**MATERIAL SHOWN**
- Opening Delimiter -

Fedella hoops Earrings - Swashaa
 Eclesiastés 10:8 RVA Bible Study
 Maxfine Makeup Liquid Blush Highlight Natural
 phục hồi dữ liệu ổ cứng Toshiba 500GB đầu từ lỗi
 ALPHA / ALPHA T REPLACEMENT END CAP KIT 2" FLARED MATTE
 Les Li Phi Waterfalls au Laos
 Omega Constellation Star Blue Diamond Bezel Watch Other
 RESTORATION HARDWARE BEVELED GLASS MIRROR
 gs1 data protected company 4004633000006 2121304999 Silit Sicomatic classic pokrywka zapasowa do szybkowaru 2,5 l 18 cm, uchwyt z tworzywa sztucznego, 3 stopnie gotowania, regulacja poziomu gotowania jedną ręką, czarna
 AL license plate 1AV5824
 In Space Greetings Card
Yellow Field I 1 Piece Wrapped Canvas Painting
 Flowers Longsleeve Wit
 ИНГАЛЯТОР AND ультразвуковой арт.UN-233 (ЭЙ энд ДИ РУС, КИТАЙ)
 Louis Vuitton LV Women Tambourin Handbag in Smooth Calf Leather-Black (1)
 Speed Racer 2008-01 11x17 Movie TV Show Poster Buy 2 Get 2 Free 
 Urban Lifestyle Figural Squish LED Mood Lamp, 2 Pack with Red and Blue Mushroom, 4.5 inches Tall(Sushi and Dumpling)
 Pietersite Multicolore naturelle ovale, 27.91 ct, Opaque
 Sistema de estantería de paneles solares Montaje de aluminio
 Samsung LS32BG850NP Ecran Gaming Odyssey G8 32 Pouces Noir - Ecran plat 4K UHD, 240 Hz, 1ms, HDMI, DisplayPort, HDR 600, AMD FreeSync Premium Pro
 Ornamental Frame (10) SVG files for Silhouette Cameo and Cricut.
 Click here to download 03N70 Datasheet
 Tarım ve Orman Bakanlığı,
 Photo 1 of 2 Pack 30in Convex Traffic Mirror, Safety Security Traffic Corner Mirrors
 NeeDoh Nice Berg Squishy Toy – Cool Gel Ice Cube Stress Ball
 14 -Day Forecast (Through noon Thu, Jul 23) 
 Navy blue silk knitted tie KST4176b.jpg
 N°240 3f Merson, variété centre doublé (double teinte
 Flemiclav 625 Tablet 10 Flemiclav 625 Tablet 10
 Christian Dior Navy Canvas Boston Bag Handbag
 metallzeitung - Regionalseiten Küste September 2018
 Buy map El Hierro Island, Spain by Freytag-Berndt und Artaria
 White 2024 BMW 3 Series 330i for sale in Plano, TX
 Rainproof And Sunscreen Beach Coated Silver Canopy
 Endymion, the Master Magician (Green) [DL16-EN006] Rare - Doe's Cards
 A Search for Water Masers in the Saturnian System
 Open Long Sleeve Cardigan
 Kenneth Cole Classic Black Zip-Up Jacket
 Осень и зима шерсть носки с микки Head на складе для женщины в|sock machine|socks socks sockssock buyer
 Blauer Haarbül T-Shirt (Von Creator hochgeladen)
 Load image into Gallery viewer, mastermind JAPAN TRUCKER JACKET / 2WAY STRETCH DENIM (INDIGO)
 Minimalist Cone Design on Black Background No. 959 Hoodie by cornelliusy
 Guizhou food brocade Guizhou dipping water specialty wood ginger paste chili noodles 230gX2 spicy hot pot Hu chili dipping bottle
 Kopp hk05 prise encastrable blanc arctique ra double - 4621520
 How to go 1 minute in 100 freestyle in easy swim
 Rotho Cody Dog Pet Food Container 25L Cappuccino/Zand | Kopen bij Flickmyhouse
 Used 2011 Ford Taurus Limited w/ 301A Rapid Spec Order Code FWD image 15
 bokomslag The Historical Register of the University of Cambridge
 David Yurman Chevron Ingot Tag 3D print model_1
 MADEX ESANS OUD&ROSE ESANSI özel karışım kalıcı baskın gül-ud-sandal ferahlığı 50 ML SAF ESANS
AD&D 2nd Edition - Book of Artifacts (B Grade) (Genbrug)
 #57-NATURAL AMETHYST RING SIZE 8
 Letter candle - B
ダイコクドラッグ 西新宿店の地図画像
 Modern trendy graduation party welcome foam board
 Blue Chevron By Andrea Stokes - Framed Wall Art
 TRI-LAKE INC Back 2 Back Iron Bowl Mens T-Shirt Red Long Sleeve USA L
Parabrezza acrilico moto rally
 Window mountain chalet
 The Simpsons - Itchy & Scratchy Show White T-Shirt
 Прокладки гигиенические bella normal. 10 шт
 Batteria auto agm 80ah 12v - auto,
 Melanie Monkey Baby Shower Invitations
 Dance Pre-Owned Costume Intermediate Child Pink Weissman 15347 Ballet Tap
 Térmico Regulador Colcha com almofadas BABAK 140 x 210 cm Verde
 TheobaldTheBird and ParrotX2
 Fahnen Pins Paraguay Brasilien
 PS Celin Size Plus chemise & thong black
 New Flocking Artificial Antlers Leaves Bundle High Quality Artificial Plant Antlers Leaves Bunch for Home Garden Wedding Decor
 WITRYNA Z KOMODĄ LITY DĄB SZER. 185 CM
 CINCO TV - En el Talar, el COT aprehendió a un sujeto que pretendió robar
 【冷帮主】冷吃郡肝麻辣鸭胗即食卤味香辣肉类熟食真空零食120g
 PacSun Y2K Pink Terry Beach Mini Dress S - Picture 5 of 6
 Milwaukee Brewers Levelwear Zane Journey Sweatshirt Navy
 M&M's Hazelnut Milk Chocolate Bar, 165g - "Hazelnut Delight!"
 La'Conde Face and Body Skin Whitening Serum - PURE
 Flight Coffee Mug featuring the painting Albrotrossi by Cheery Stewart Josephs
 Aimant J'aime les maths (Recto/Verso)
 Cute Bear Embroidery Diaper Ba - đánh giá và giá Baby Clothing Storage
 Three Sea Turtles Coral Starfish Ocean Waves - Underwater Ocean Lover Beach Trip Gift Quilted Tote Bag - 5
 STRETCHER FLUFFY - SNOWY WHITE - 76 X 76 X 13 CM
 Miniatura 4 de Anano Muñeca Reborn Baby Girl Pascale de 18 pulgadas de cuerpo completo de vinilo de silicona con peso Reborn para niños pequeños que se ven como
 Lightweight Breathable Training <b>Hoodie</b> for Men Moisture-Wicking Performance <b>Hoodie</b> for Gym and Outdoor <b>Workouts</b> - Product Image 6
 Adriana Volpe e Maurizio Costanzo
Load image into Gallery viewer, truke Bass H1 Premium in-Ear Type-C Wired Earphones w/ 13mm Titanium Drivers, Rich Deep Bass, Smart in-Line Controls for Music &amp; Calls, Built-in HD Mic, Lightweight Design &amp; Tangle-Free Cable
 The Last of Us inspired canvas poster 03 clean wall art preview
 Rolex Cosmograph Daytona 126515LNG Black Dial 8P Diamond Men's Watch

- Closing Delimiter -

**DIRECTIONS FOR THIS TASK**
When you reach the line holding "N°240 3f Merson, variété" in the records above, begin reproducing exactly, stop after the line holding "How to go 1", and output nothing else.

**RESPONSE BOX**
 N°240 3f Merson, variété centre doublé (double teinte
 Flemiclav 625 Tablet 10 Flemiclav 625 Tablet 10
 Christian Dior Navy Canvas Boston Bag Handbag
 metallzeitung - Regionalseiten Küste September 2018
 Buy map El Hierro Island, Spain by Freytag-Berndt und Artaria
 White 2024 BMW 3 Series 330i for sale in Plano, TX
 Rainproof And Sunscreen Beach Coated Silver Canopy
 Endymion, the Master Magician (Green) [DL16-EN006] Rare - Doe's Cards
 A Search for Water Masers in the Saturnian System
 Open Long Sleeve Cardigan
 Kenneth Cole Classic Black Zip-Up Jacket
 Осень и зима шерсть носки с микки Head на складе для женщины в|sock machine|socks socks sockssock buyer
 Blauer Haarbül T-Shirt (Von Creator hochgeladen)
 Load image into Gallery viewer, mastermind JAPAN TRUCKER JACKET / 2WAY STRETCH DENIM (INDIGO)
 Minimalist Cone Design on Black Background No. 959 Hoodie by cornelliusy
 Guizhou food brocade Guizhou dipping water specialty wood ginger paste chili noodles 230gX2 spicy hot pot Hu chili dipping bottle
 Kopp hk05 prise encastrable blanc arctique ra double - 4621520
 How to go 1 minute in 100 freestyle in easy swim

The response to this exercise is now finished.